We need a proportionate management of risk. Studies have shown that, for a pilot, even the slightest change in a display can have a major impact on safety. The same is not true in most offices and small businesses, yet too often the same level of risk avoidance is demanded. As a result, nearly 40 per cent of small businesses say that health and safety regulations are an obstacle to success. For many small businesses, a fear of being sued for negligence, as the noble Lord mentioned, leads them into a twilight world of misleading information and overfussy guidance.

Often, these policies come not from government but from the small army of consultants who advise businesses on workplace safety. For small businesses, those independent consultants are the main source of information on health and safety. Many are reputable, but some have little interest in making the regulations understandable. The more confusion there is in the interpretation of regulations, the greater is the need for consultancy. It can be nothing more than a gravy train. This leads to high cost. The Better Regulation Executive reported that avoiding pointless health and safety advice could save small businesses £140 million a year.

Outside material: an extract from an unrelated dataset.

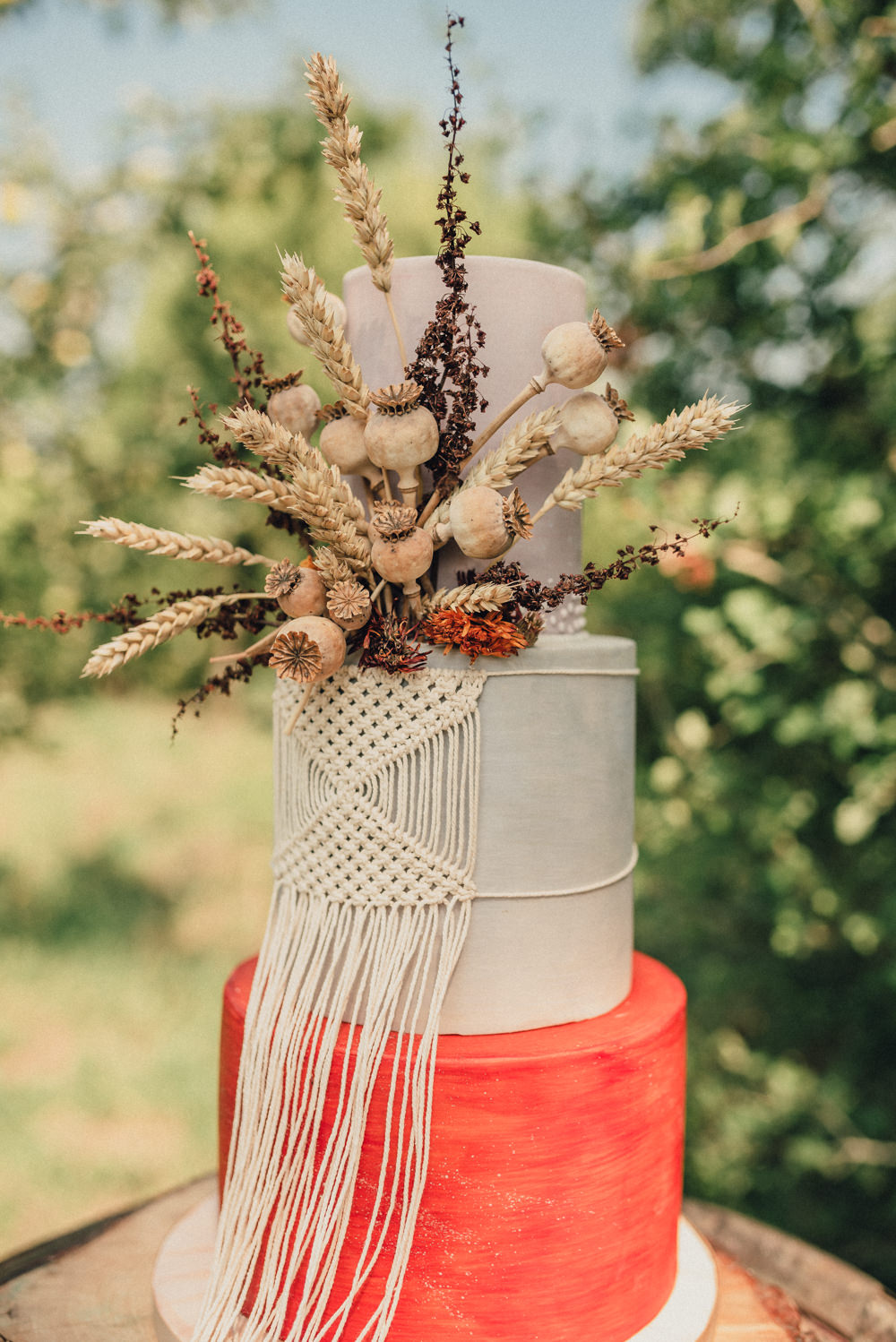 Boho Wedding Ideas Roshni Photography Macrame Cake Fried Flowers Orange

The solution is clarity and simplicity, not laxer safety rules. We should make it simple for businesses to do their duty by taking reasonable steps to prevent risk. I therefore support the report’s proposal of 20-minute checklists for offices, shops and charities. They should provide clarity that this is all that is required from business. Next, we need to ensure that independent consultants offer good, straightforward advice. Today, the HSE recruits inspectors from industry and puts them through training that provides an understanding of business needs. The report suggests a qualification requirement for consultants, with the HSE taking the lead in validation. I agree. I further suggest that it would be sensible to use the HSE’s existing framework of training as the basis of such a qualification.

The crisis of health and safety in this country is not one of legislation; as the report says, our legislation is effective. It is not one of fatalities or injuries, on which our record is excellent. The crisis is one of communication, complexity and consultants. To change that, we need simple rules and easily understood, common-sense regulation, not gold-plated regulation. Therefore, I entirely agree with the report, which I would like to see supported and implemented fully.